TASK STATEMENT: In the entries that follow, how many lines contain the word "Cafe"? Answer with the number only.

*** RECORDS SUPPLIED Section Begins ***

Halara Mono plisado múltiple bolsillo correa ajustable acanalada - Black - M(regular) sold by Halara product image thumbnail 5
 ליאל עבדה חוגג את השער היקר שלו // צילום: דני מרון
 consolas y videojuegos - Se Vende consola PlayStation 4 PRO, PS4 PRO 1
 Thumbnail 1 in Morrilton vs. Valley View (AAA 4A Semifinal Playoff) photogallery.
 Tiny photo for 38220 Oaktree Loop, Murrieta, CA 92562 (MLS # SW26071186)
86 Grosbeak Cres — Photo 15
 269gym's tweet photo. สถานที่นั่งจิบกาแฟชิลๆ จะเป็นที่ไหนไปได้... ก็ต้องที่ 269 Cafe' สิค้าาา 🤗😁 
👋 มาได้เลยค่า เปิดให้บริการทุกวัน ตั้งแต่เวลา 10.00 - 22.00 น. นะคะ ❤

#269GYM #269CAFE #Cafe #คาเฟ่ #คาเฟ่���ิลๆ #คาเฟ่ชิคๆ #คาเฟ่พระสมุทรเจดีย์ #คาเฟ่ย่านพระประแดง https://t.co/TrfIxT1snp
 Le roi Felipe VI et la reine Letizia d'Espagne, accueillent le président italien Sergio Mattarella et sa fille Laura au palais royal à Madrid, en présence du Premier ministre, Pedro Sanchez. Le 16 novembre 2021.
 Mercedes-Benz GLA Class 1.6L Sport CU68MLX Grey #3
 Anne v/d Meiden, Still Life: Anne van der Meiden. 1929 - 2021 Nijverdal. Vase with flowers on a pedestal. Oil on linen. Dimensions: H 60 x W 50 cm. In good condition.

*** RECORDS SUPPLIED Section Ends ***

RESPONSE BOX: 2